What Government Should Do
Now that we’ve finally stopped arguing about whether global warming really exists, it’s way past time to do something about it. So what are we doing to fight this scourge? The Harper government, for one, has been pinning its hopes on carbon capture and storage. But, as Mike Buckthought, national climate change campaigner for the Sierra Club of Canada, argues, it’s an unproven technology. “We should really be following the examples of other countries that have chosen to focus on renewables,” he says.

You might look to Germany, which is a fraction of the geographic size of Canada, yet the second-largest producer of wind power, and the largest of solar, in the world. Deutschland’s Renewable Energy Sources Act requires power distributors to buy a portion of their juice from non-environmentally destructive sources. Because they also have to pay a premium for it—up to seven times as much as dirtier forms of power, the act has spurred a whack of ‘eco-preneurs’ to take up the green power mantle. (Similar legislation has been adopted by France, Greece, Italy, Ireland and Spain.)

There are some signs of hope in Canada: Bill C-311, a private member’s bill that would legislate a commitment to reduce greenhouse gas emissions, passed its second reading last spring. If it passes a review by the Standing Committee on Environment and Sustainable Development, Parliament will likely pass its final judgment this fall.
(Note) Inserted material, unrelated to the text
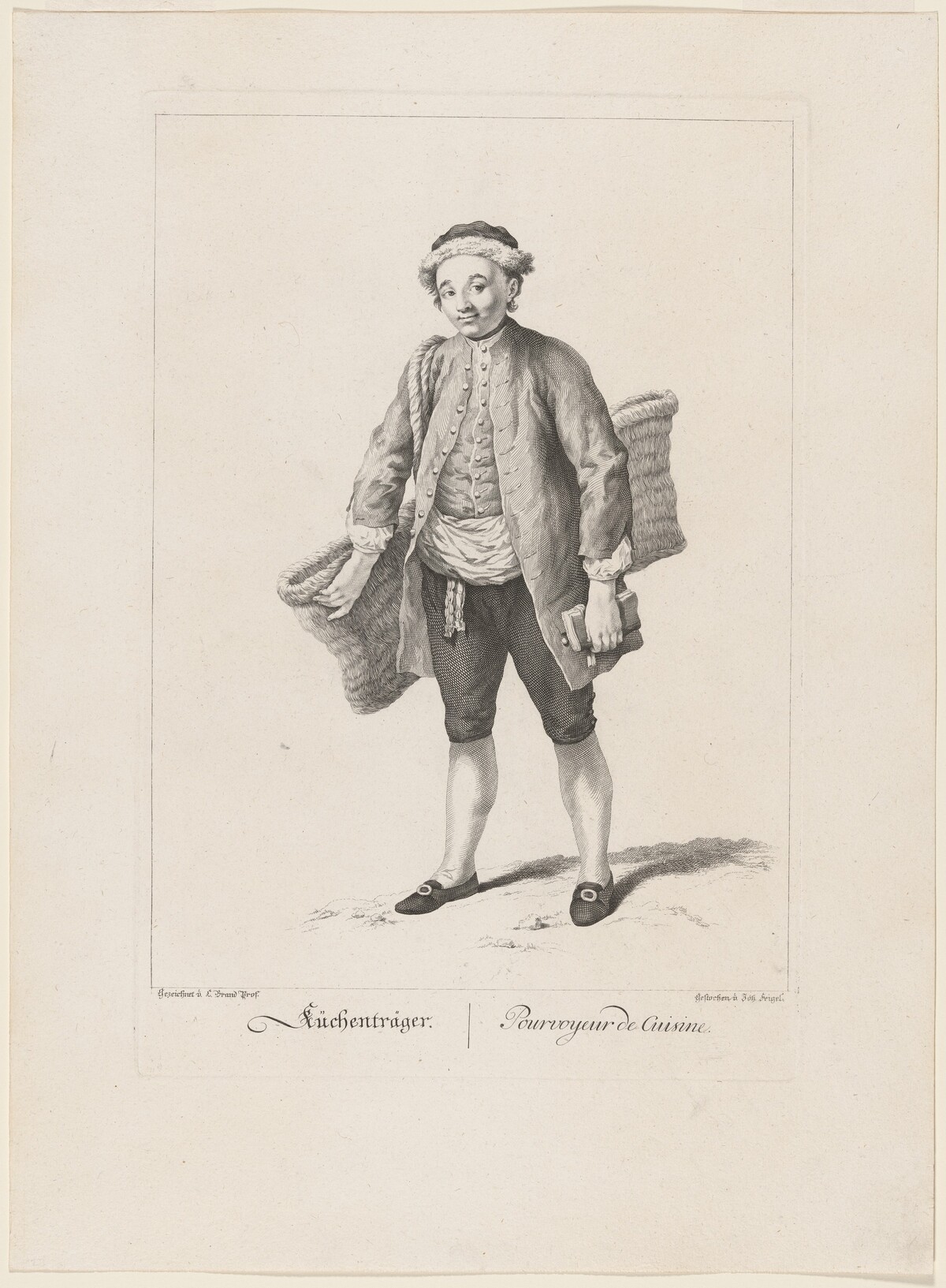 Küchenträger (Food Carrier) by Johann Feigel, after Johann Christian Brand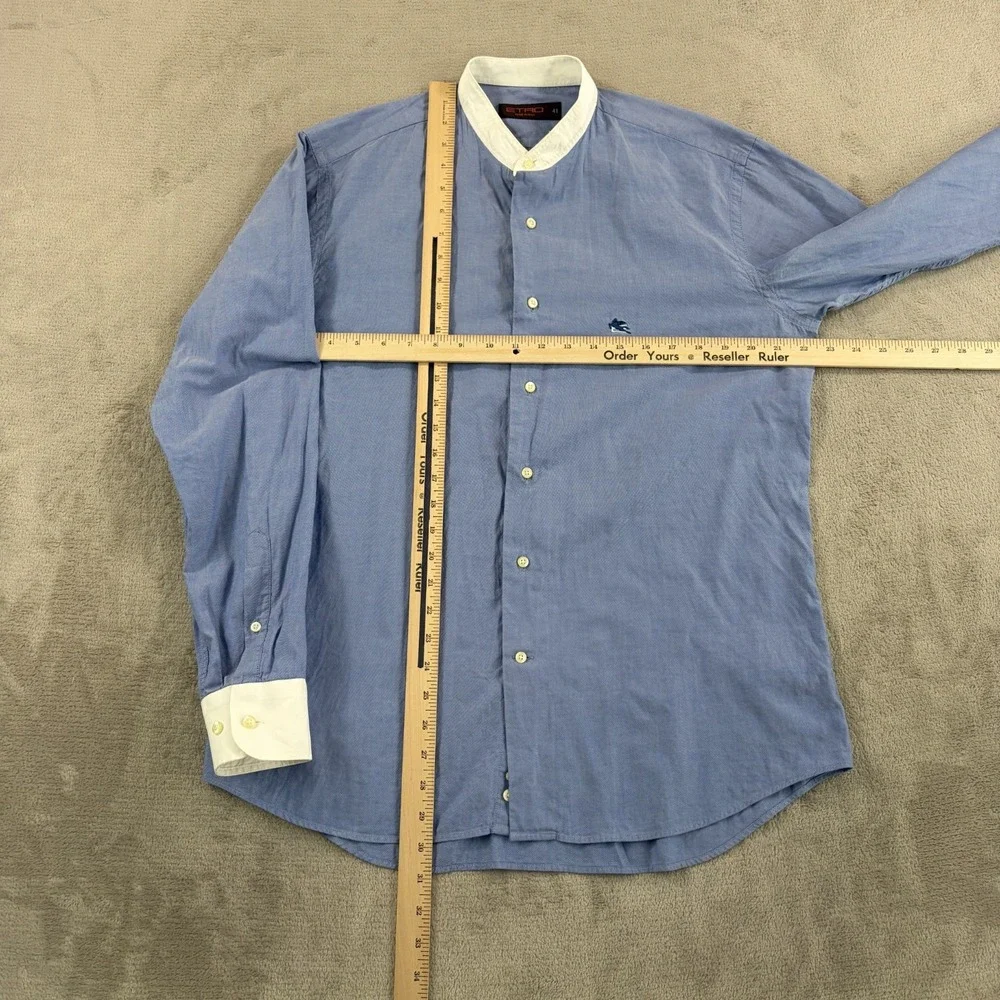 ETRO Chest Logo Mandarin Blade Collar Dress Shirt 41 Blue Contrast Cuffs Italy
And environmentalists are keeping their fingers crossed that this December’s United Nations climate change conference in Copenhagen will see our government take a more active role. “We really don’t have much time—studies have shown we have to make deep reductions in emissions right now to avoid dangerous climate change,” says Buckthought. Simply put, Canada should commit to emission reductions along the recommendations by the Intergovernmental Panel on Climate Change of 25 to 40 percent cuts in greenhouse gases by 2020, and base those cuts on 1990 levels.

What Voters Can Do
Sign an online petition urging the federal government to take action on climate change at kyotoplus.ca, and insist your MP vote for the passage of Bill C-311.